Figure \(\PageIndex{1}\):OSHA's Chemical Safety Board release on July 27, 2021 fatal accident in Texas involving acetic acid. Now, this incident involved 100,000 pounds of the acid being released. Glacial acetic acid (anhydrous pure acetic acid) is very dangerous and we are using dilute aqueous solutions. Acetic acid is the common ingredient in vinegar, which you probably have in your kitchen, but you must alert your instructor if you have a spill (Copyright; screen capture by Bob Belford, CC0)
Equipment and materials needed
| Burets | 4-250 mL Erlenmeyer flask | 50 mL vol flask |
| 1-25 mL pipet | 2-10 mL pipets | 50 mL beaker |
| 3-100 mL vol flasks | 2.00 M Acetic Acid | 2.00 M Sodium Acetate |
| pH meter | 3-buffers at pH=4,7,10 | Acetic acid unkown concentration |
Background
Before proceeding read sections 15.2: Equilibrium Constants and 15.3: Determining an Equilibrium Constant. The generic expression for an equilibrium constant for the reaction \[aA+bB \rightleftharpoons cC+dD \] is: \[ K =\dfrac{[C]^c[D]^d}{[A]^a[B]^b} \; \\ \; \\ \text{(noting all species are at equilibrium concentrations)}\]

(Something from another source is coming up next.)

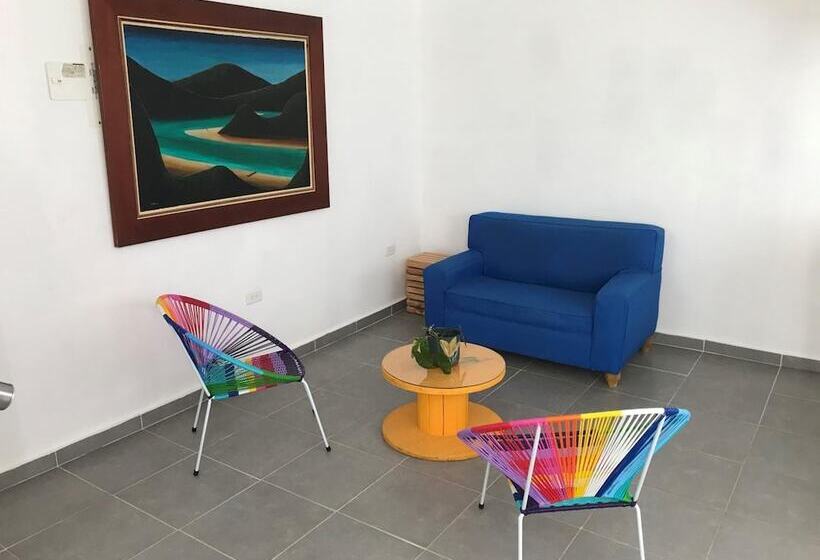 هتل Posada La Casa De Majo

Note: The above equation describes the concentrations after the reaction has completed and the system has entered a state of equilibrium. You can mix reactants in any proportions, and they will react until the above equation equals the equilibrium constant. The Rice diagram below is used to predict how a reaction will proceed.
Rice Diagram
We typically use a RICE diagram to describe the change in concentration as a reaction proceeds from initial to final (equilibrium) concentrations. For the above generic reaction, the RICE diagram is:
| Reactants | aA + | bB | ⇌ | cC + | dD |
|---|---|---|---|---|---|
| Initial | [A]Initial | [B]Initial | [C]Initial | [D]Initial | |
| Change | -ax | -bx | +cx | +dx | |
| Equilibrium | [A]Eq | [B]Eq | [C]Eq | [D]Eq |
noting that:
\[ \left [ A\right ]_{Eq}=\left [ A\right ]_{Initial}-ax \\ \left [B\right ]_{Eq}=\left [ B\right ]_{Initial}-bx \\ \left [ C\right ]_{Eq}=\left [C\right ]_{Initial}+cx \\ \left [D\right ]_{Eq}=\left [D\right ]_{Initial}+dx \label{15.3.3} \]
where,
x=extent of reaction
and
\[K=\frac{\left [C\right ]_{eq}^{c}\left [D\right ]_{eq}^{d}}{\left [A\right ]_{eq}^{a}\left [B\right ]_{eq}^{b}}\]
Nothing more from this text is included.